1st Annual Conference on Broadband Networks

Research Article

Power-controlled media streaming in the interference-limited wireless networks

  • @INPROCEEDINGS{10.1109/BROADNETS.2004.68,
        author={Yan  Li and Nicholas Bambos},
        title={Power-controlled media streaming in the interference-limited wireless networks},
        proceedings={1st Annual Conference on Broadband Networks},
        publisher={IEEE},
        proceedings_a={BROADNETS},
        year={2004},
        month={12},
        keywords={},
        doi={10.1109/BROADNETS.2004.68}
    }
    
  • Yan Li
    Nicholas Bambos
    Year: 2004
    Power-controlled media streaming in the interference-limited wireless networks
    BROADNETS
    IEEE
    DOI: 10.1109/BROADNETS.2004.68
Yan Li1,*, Nicholas Bambos1,*
  • 1: Dept. of Electrical Engineering, Stanford University, 350 Serra Mall Stanford, CA 94305-9505
*Contact email: liyan@stanford.edu, bambos@stanford.edu

Abstract

We investigate a power-controlled transmission scheme for streaming media traffic in an interference-limited wireless environment, where many data-packet links (transmissions) coexist with the streamed media link.
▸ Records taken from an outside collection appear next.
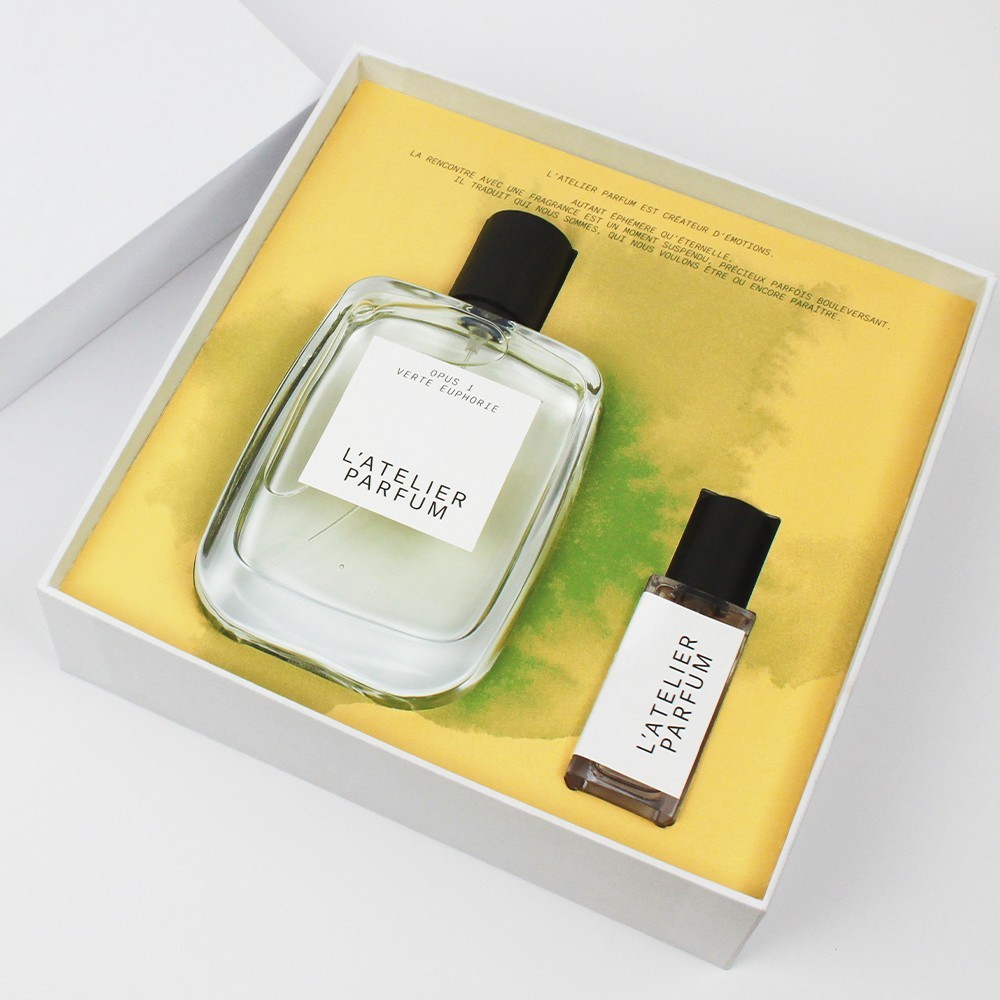 Coffret cadeau The Perfume Workshop VE100+ET15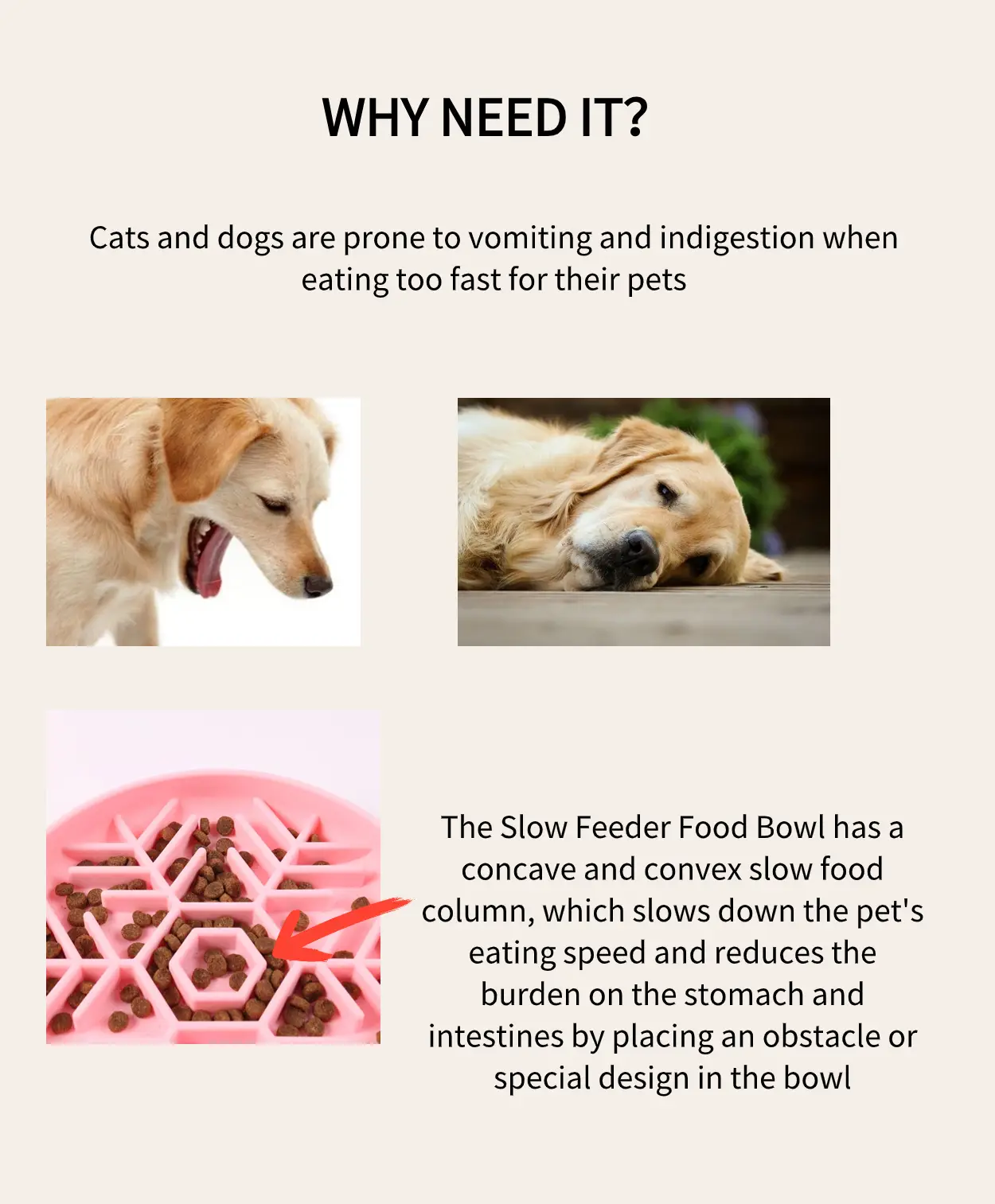 Babhla Madraí Beathúcháin Mhall - Dearadh Maze, Silicone Frithsheasmhach in  aghaidh Teasa, image size:1250x1513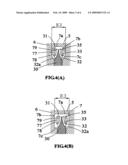 FLOW CHANNEL OF A REGENERATIVE PUMP diagram and image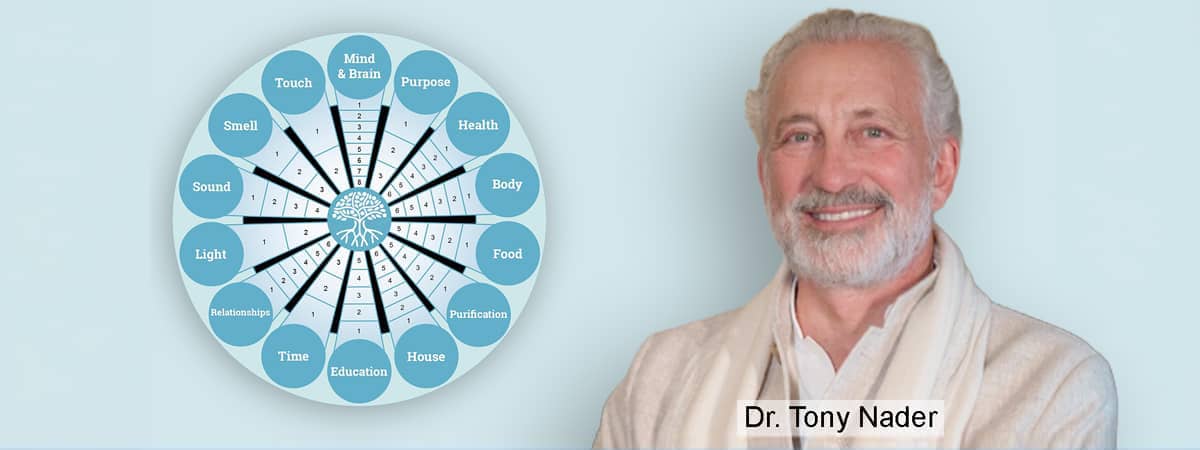 Dr. Tony NaderConsciousness Advisor Course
The transmissions from individual links in the system interfere with each other. The media server (source) transmits encoded media packets to the client (user) over the media link. The client stores the received packets into a fixed-size buffer and plays them out at a constant rate. Due to random and response-induced interference, the source needs to adapt its transmission power and rate to guarantee a certain level of received media quality (QoS) and to minimize the average power (energy consumption), thus to reduce the interference perceived by other links in the system. The QoS is primarily measured by the distortion due to packets missing their playtime deadlines at the receiver. We develop a modelling framework to identify the characteristics of the optimal power/rate control policy. Based on these characteristics, we propose two practical heuristic algorithms designed to operate in realistic interference-limited environments. Through simulation, the proposed algorithms show significant performance improvements when compared to standard benchmarks.